#### [What to produce]
Could you repeat every entry below word for word, leaving out the pictures?

#### [Data items]
Content starts
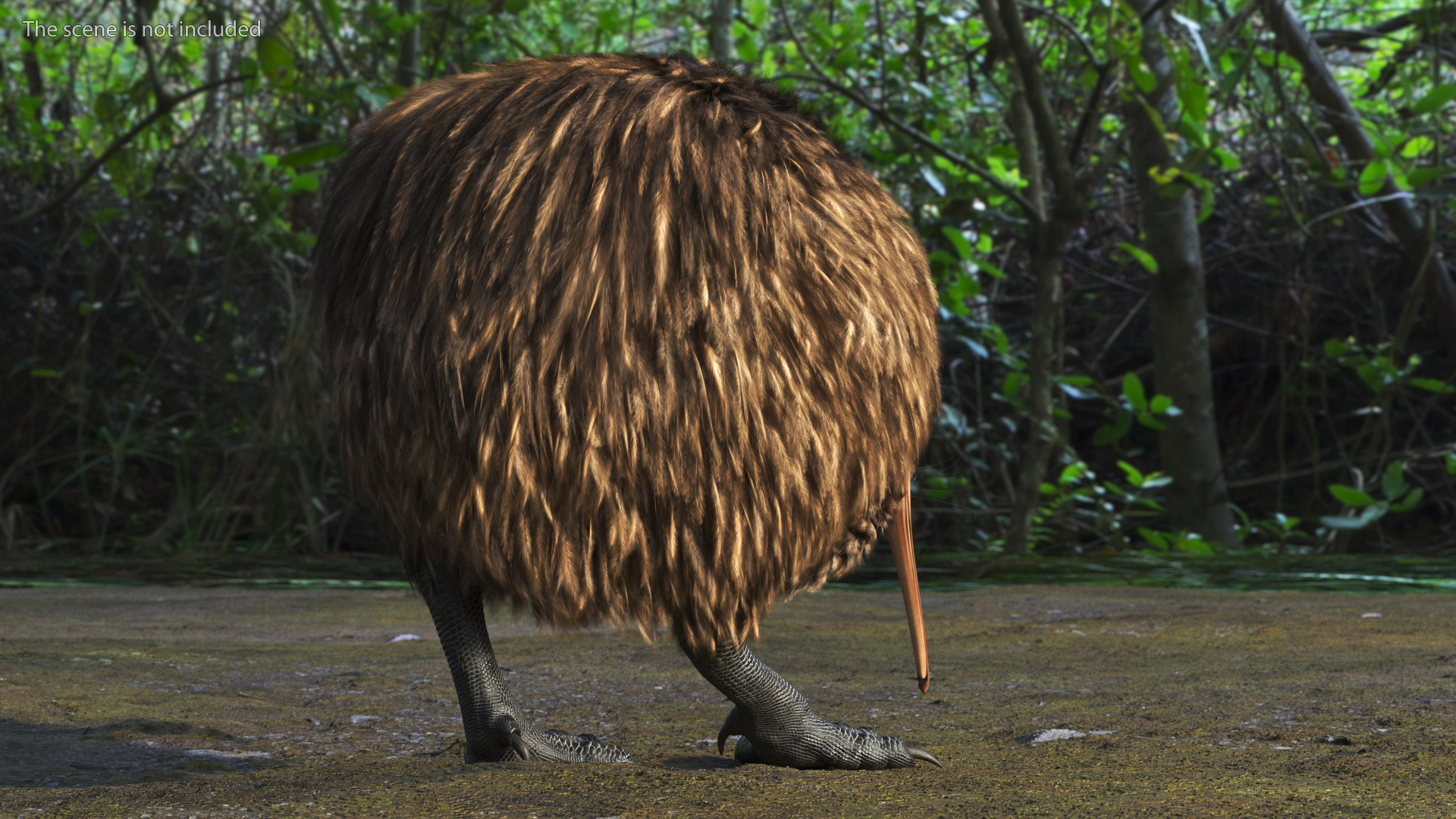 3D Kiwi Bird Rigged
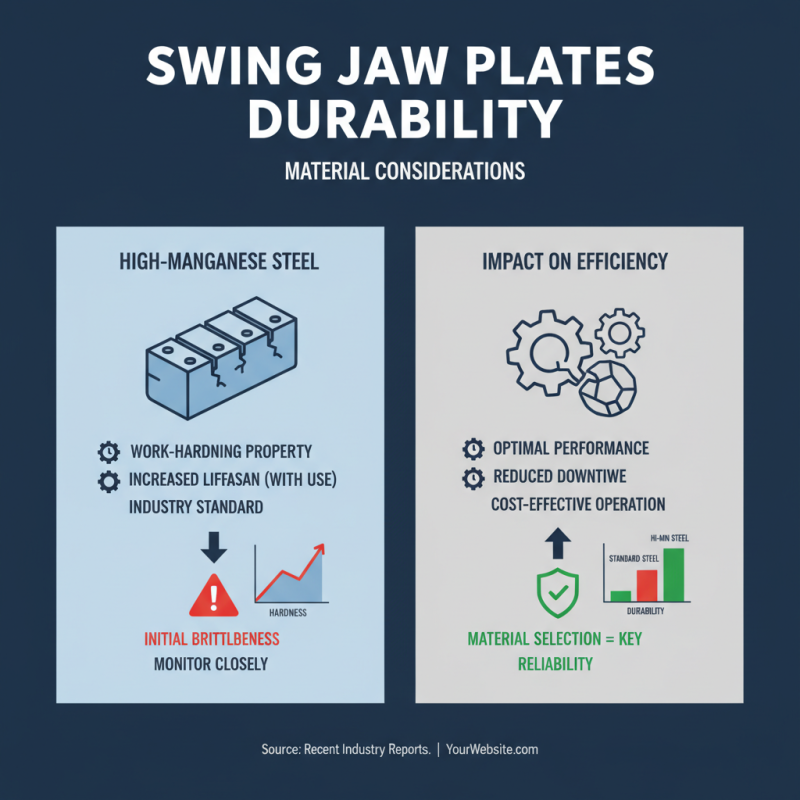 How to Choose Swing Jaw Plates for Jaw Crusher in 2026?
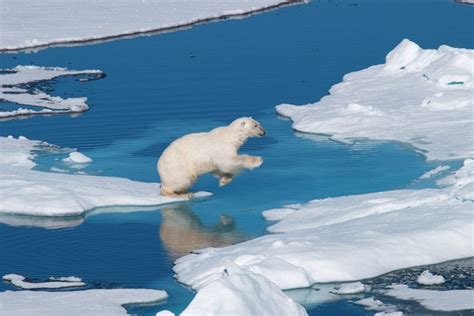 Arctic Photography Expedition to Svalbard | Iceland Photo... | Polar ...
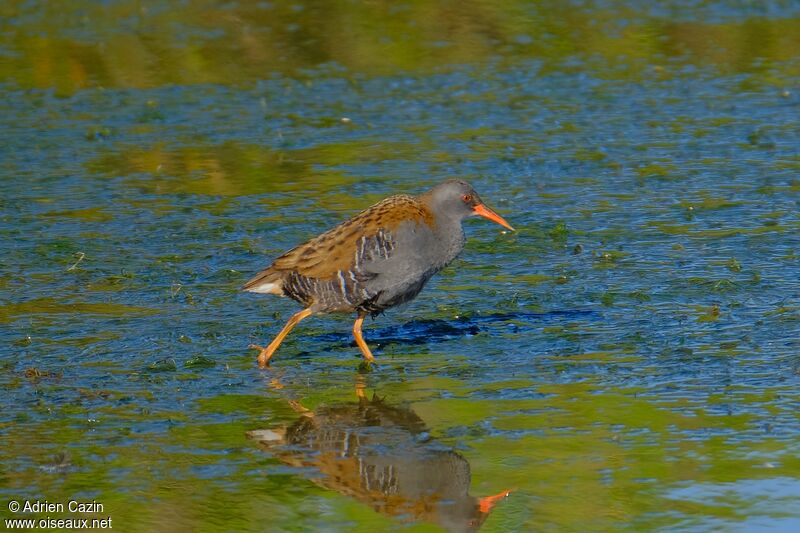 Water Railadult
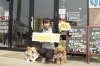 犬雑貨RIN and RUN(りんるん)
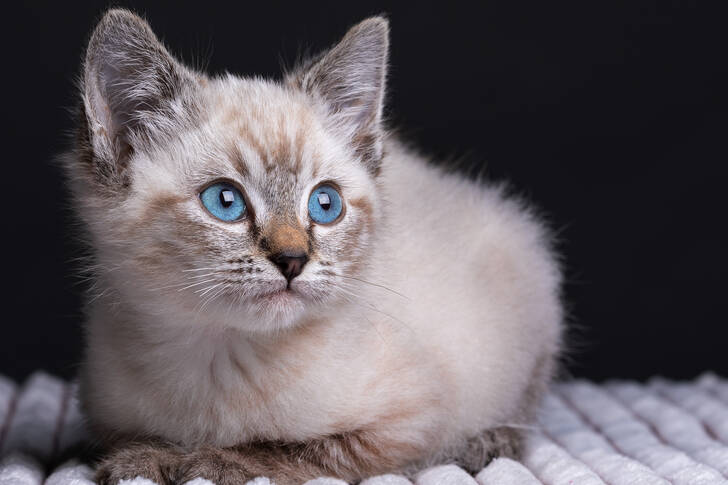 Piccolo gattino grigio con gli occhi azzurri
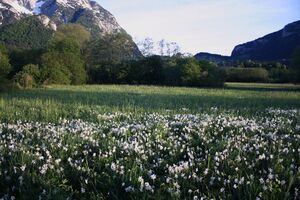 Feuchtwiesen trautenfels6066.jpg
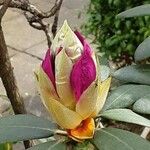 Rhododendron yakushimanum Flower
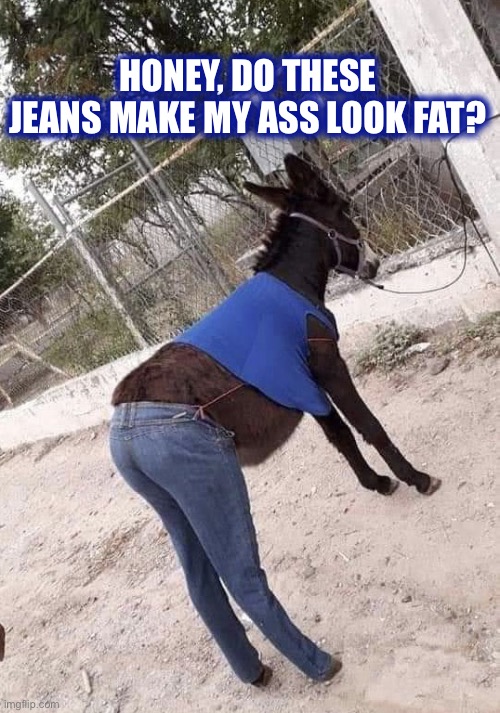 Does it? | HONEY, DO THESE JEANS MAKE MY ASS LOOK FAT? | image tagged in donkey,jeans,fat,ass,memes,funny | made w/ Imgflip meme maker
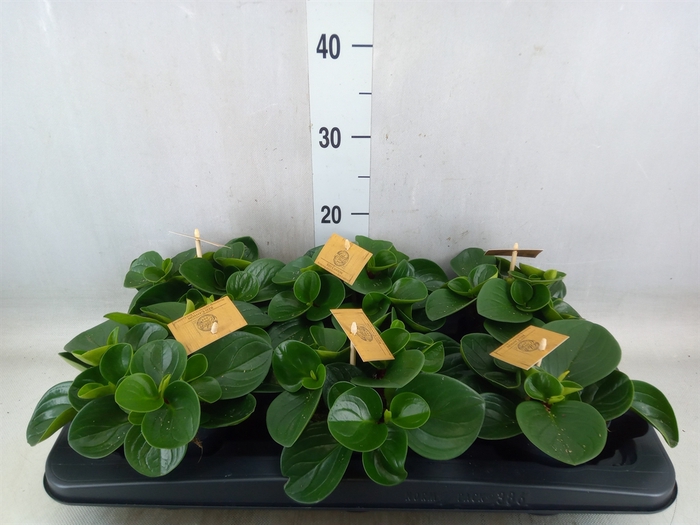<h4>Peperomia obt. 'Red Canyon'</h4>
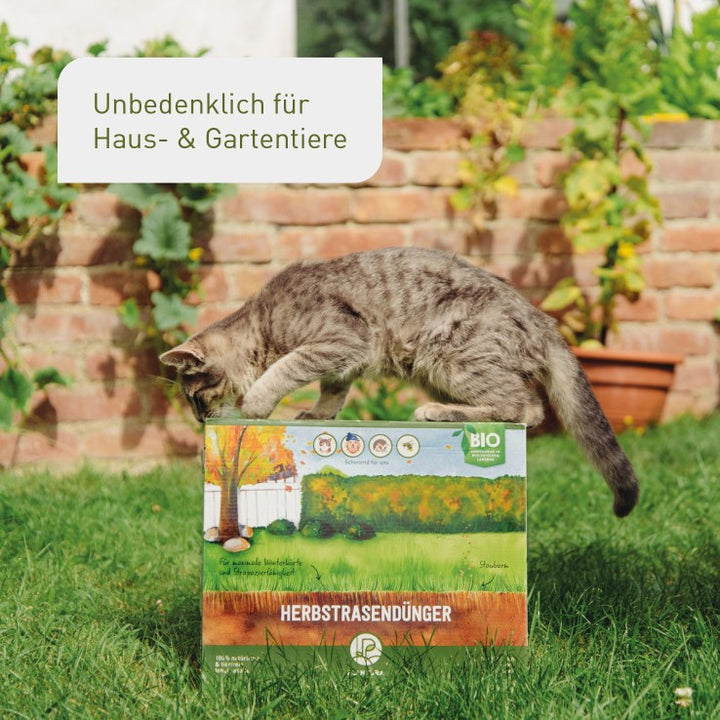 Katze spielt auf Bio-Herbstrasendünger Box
Content ends
#### [Exercise output]
 3D Kiwi Bird Rigged
 How to Choose Swing Jaw Plates for Jaw Crusher in 2026?
 Arctic Photography Expedition to Svalbard | Iceland Photo... | Polar ...
 Water Railadult
 犬雑貨RIN and RUN(りんるん)
 Piccolo gattino grigio con gli occhi azzurri
 Feuchtwiesen trautenfels6066.jpg
 Rhododendron yakushimanum Flower
 Does it? | HONEY, DO THESE JEANS MAKE MY ASS LOOK FAT? | image tagged in donkey,jeans,fat,ass,memes,funny | made w/ Imgflip meme maker
<h4>Peperomia obt. 'Red Canyon'</h4>
 Katze spielt auf Bio-Herbstrasendünger Box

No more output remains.